## The task
With the pictures removed, reproduce exactly the lines from the one that contains "Cuccia per Gatti Calda" through the last line of the entries below.

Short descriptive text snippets

----

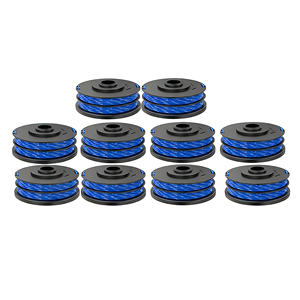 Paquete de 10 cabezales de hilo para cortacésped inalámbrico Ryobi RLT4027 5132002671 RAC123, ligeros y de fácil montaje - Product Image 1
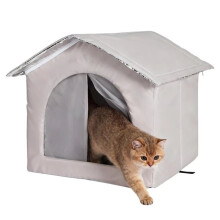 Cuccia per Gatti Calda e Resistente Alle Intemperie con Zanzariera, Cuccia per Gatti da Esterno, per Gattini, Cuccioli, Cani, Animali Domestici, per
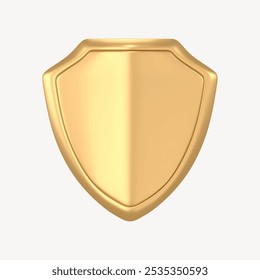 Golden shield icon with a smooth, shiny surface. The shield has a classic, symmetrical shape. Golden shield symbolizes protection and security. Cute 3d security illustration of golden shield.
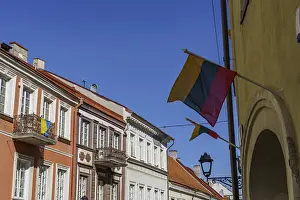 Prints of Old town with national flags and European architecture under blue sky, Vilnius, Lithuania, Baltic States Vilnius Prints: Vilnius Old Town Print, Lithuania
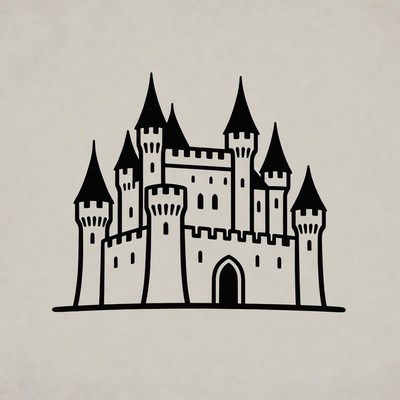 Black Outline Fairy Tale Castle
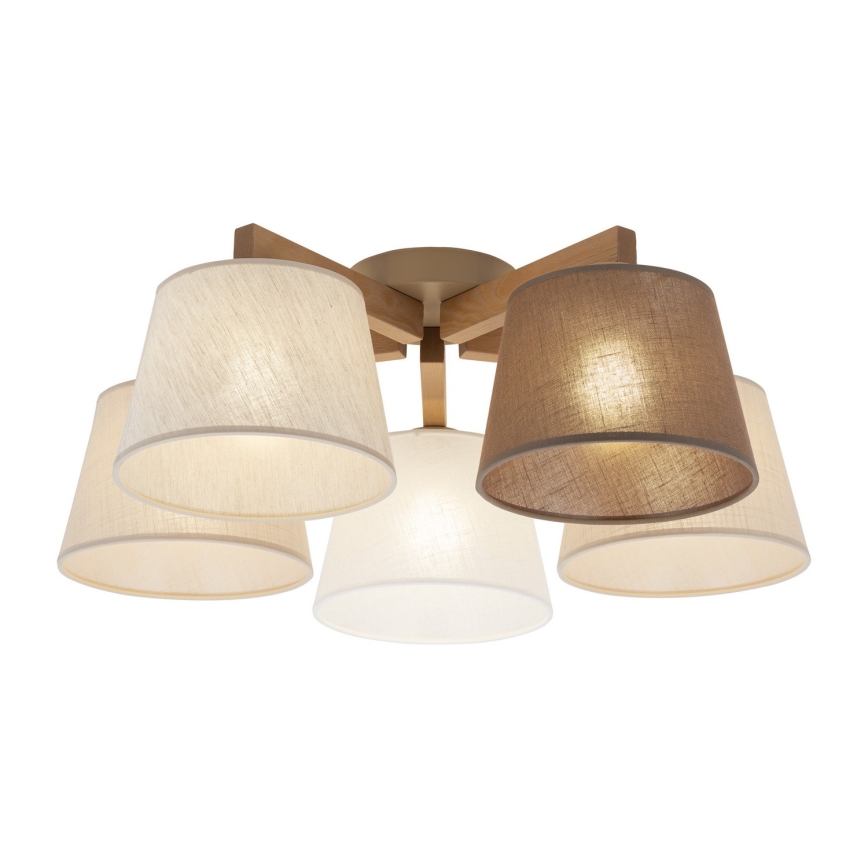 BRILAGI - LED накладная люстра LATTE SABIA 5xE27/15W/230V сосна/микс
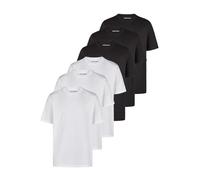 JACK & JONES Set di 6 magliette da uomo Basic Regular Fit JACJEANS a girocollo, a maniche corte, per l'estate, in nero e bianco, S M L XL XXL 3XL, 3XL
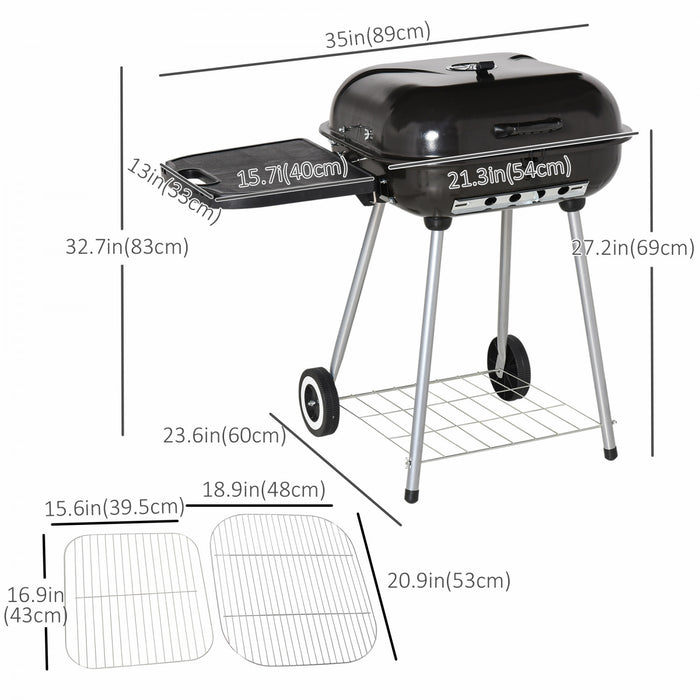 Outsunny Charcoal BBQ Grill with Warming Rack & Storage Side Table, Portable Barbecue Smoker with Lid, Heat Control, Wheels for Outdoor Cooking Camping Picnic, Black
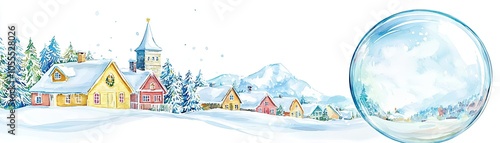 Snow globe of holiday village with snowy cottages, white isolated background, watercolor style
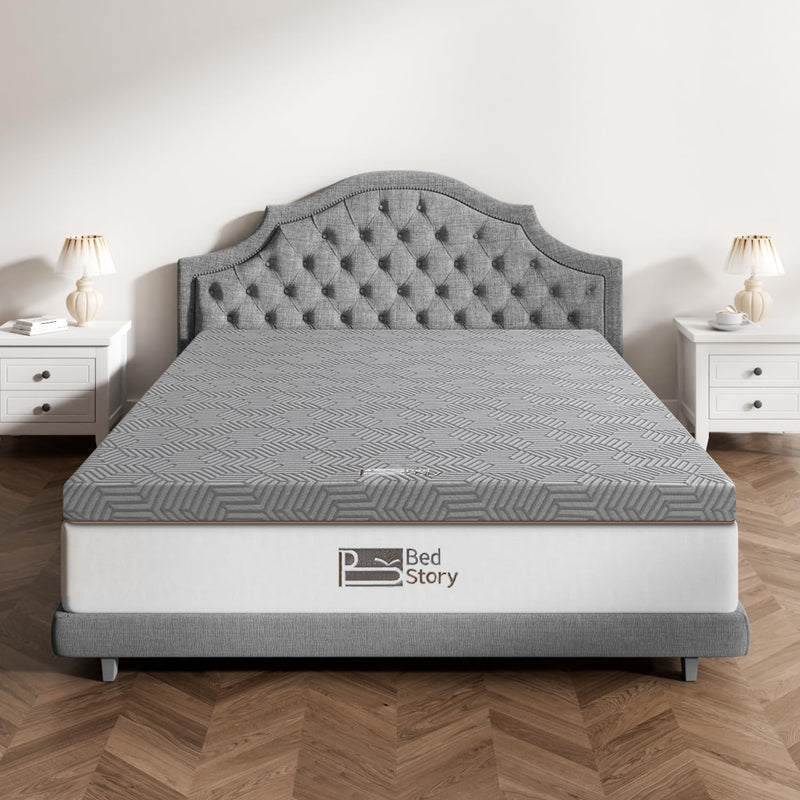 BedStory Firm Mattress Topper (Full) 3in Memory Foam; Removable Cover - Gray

----

## Task output
 Cuccia per Gatti Calda e Resistente Alle Intemperie con Zanzariera, Cuccia per Gatti da Esterno, per Gattini, Cuccioli, Cani, Animali Domestici, per
 Golden shield icon with a smooth, shiny surface. The shield has a classic, symmetrical shape. Golden shield symbolizes protection and security. Cute 3d security illustration of golden shield.
 Prints of Old town with national flags and European architecture under blue sky, Vilnius, Lithuania, Baltic States Vilnius Prints: Vilnius Old Town Print, Lithuania
 Black Outline Fairy Tale Castle
 BRILAGI - LED накладная люстра LATTE SABIA 5xE27/15W/230V сосна/микс
 JACK & JONES Set di 6 magliette da uomo Basic Regular Fit JACJEANS a girocollo, a maniche corte, per l'estate, in nero e bianco, S M L XL XXL 3XL, 3XL
 Outsunny Charcoal BBQ Grill with Warming Rack & Storage Side Table, Portable Barbecue Smoker with Lid, Heat Control, Wheels for Outdoor Cooking Camping Picnic, Black
 Snow globe of holiday village with snowy cottages, white isolated background, watercolor style
 BedStory Firm Mattress Topper (Full) 3in Memory Foam; Removable Cover - Gray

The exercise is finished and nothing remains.